CIE files paperwork for trans-Foreland pipe

CIRCAC says pipeline safer, Hilcorp plans to 'watch closely'
XXXXXX

State officials on Wednesday published Cook Inlet Energy’s recently-submitted plans and right-of-way application to build a 29-mile pipeline across Cook Inlet to connect west side oil production with east side processing facilities.

 

The Anchorage-based oil and gas company, a subsidiary of Miller Energy, has proposed building the pipe from its Kustatan production facility to the Nikiski – Kenai Pipeline Company Tank Farm. Construction on the 8.625-inch pipe that could transport up to 90,000 barrels of oil per day is scheduled to begin in April 2014 with the project completed by August of that same year. About 26 miles of the pipe’s path — one shaped like a horseshoe to avoid a deep underwater trench and high tidal currents between the east and west Forelands area — goes through state lands, according to a public notice.

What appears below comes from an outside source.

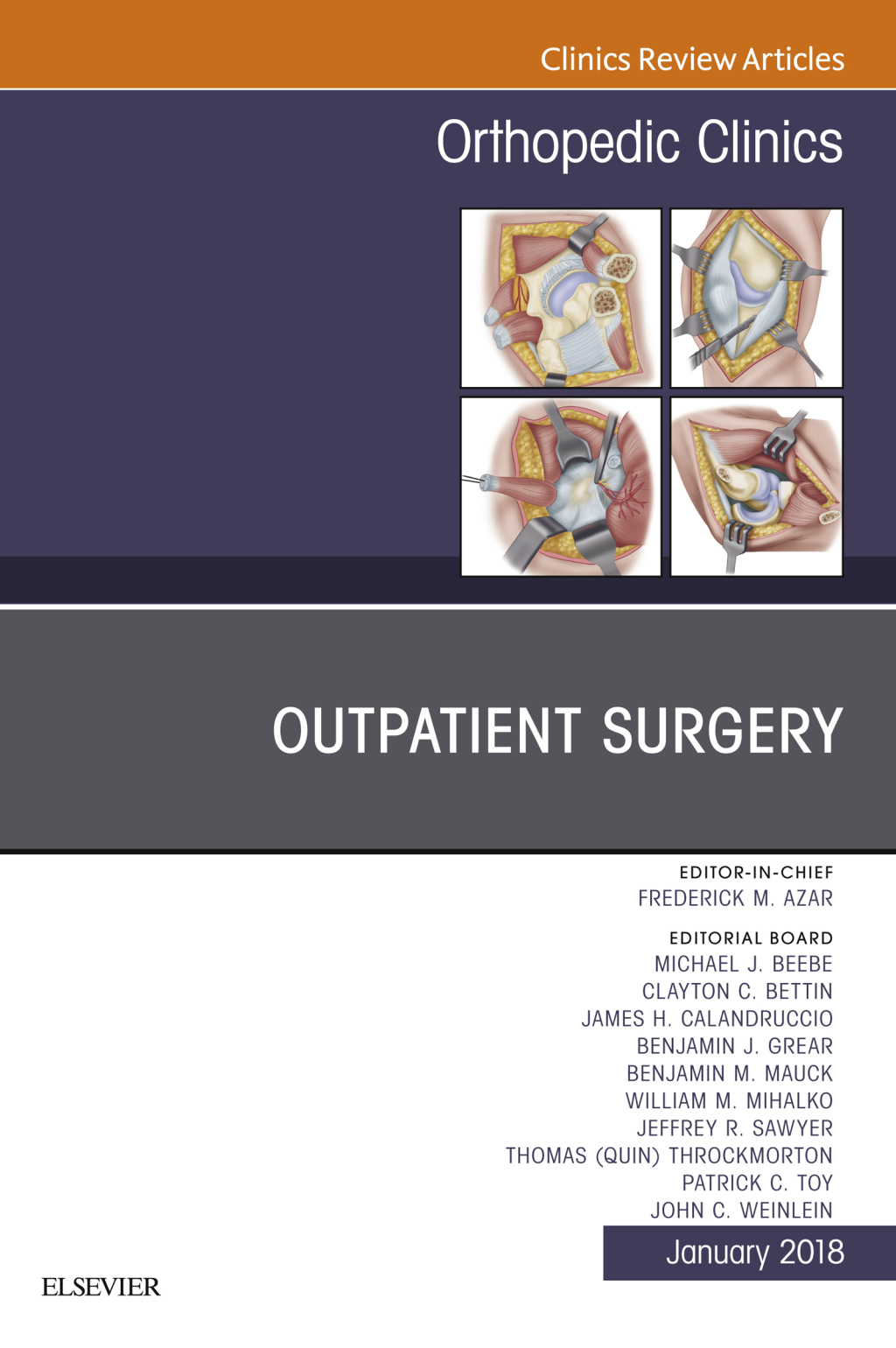 Outpatient Surgery, An Issue of Orthopedic Clinics  â€“ PDF/EPUB Version Downloadable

Comments on the company’s plan are being taken by the State Pipeline Coordinator’s Office through Feb. 4, 2013.

Cook Inlet Energy CEO David Hall said last week his company has made other area producers aware of the plan and he hopes they will want to use the pipeline. Hall said he expects the line will reduce the cost of getting oil to production.

“We are excited about it,” he said. “We are hopeful as time goes on and people get more familiar with the project and comfortable with it they’ll offer more support and participate in using the line.”

Currently, Hilcorp’s and Cook Inlet Energy’s oil arrives at east side processing facilities through tankers making laps between longstanding west side infrastructure. Specifically, the Drift River tank facility, along with the Christy Lee loading platform, allow those two producers to store crude oil in tanks and pump it into tankers that haul it across the inlet to the Tesoro refinery.

However, shipping oil across the inlet has risks because of tides, currents and ice conditions. According to a recent Cook Inlet Regional Citizens Advisory Council study, it poses the greatest risk to the inlet due to tankers’ great oil capacity and concentrated operations.

A July position paper penned by CIRCAC recommended Hilcorp replace use of Drift River and its tanker system with a trans-Foreland pipeline to reduce the risk of an oil spill at the terminal location. Concerns about Drift River’s safety stem from its proximity to Mount Redoubt, an active volcano.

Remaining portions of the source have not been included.